Les militants communistes disponibles, qui se battent pour la survie du Parti, réorganisent leurs structures clandestines. Des membres de l'Union des jeunes filles de France (UJFF), dont Claudine Chomat, Danielle Casanova, Georgette Cadras, souvent appelées « agents de liaison » ou « femmes de liaison », assument en fait par intérim des responsabilités considérables. La plongée dans la clandestinité implique la disparition de toutes les structures traditionnelles, cellules, rayons, et la mise en place de triangles, ou groupes de trois, principe de base de l'organisation clandestine. Le décret-loi du 9 avril 1940, présenté au président de la République par le ministre SFIO Albert Sérol (J.O. du 10 avril 1940), prévoyant la peine de mort pour propagande communiste, l'assimilant à la propagande nazie, accentue les risques.

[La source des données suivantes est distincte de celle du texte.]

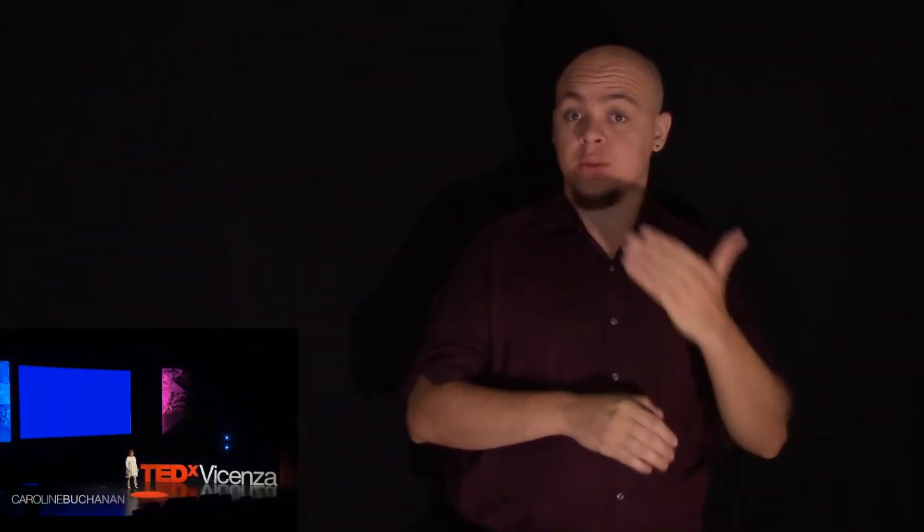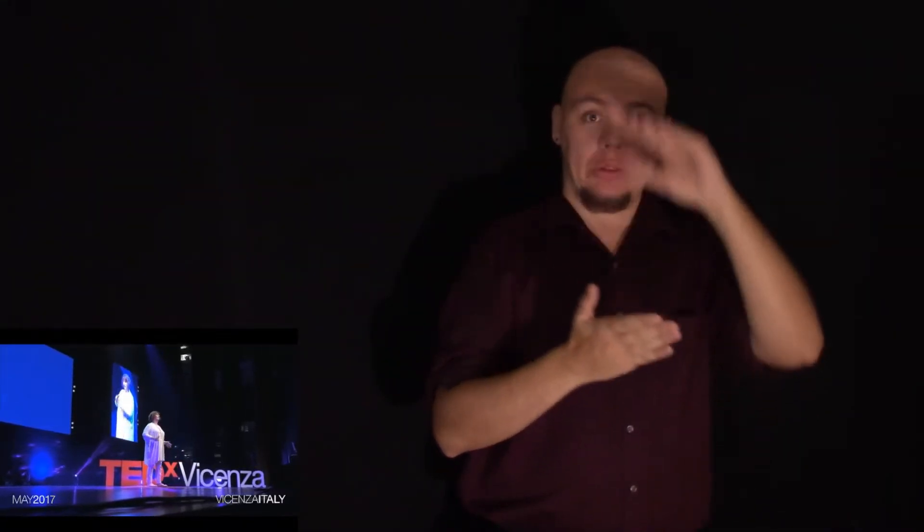Good evening. Ciao, bella gente. Is that how I say it? I've just started learning Italian, so I hope I got that sort of right. Anyway...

Danielle Casanova et Victor Michaut sont chargés d'organiser une propagande pacifiste en direction des soldats sans jamais appeler à la désertion. Le niveau d'implication du parti dans quelques affaires de sabotage attestées dans des usines d'armement reste un sujet d'interrogation pour les historiens (Voir article détaillé La question du sabotage)[25].
En mai 1940, l'invasion allemande du pays ne simplifie pas une situation déjà difficile pour le parti entré en clandestinité. Le philosophe communiste Politzer sert d'intermédiaire pour nouer des contacts entre le ministre Anatole de Monzie, à sa demande, et Benoît Frachon, lequel répond en réclamant la levée de l'interdiction du Parti et l'armement de la population parisienne, pour constituer une sorte d'union sacrée pour la défense de Paris.[réf. nécessaire]

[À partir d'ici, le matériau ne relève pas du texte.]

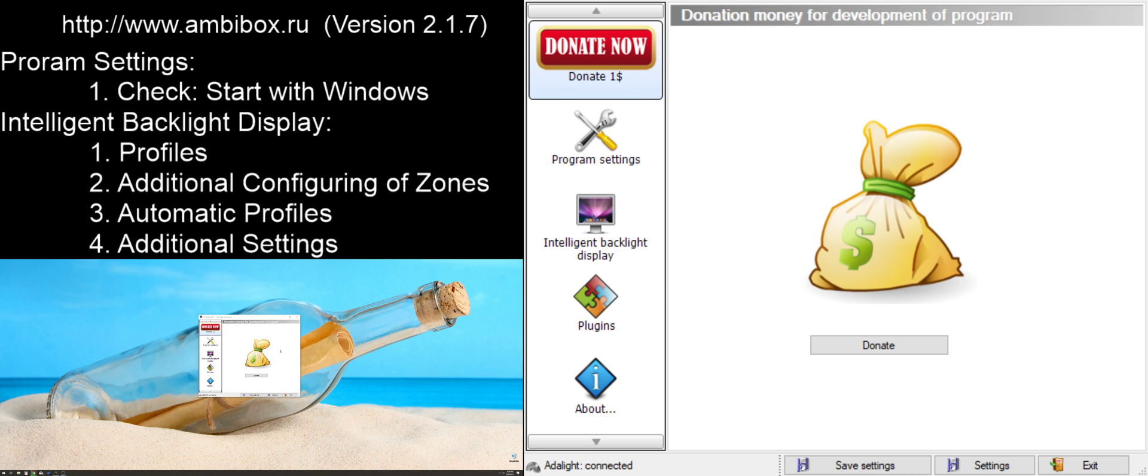Once you've installed your hardware, you're going to need to download the Ambibox software in order to use and control your lights. You may find that the lights do not work at all until you've downloaded this software.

Alors que le député d'Amiens, Jean Catelas reste à Paris le seul représentant de la direction avec Gabriel Péri, Frachon et son équipe (dont Victor Michaut, Arthur Dallidet et Mounette Dutilleul) se retrouve à Fursanne, près de Limoges, en Haute-Vienne.
1940-1941 : l'Occupation avant Barbarossa
Premiers mois de l'occupation
Le 15 juin 1940, Duclos et Tréand, le responsable aux cadres, arrivent à Paris. Ils mettent près de 4 semaines avant d'établir un contact avec le groupe Frachon en Haute-Vienne.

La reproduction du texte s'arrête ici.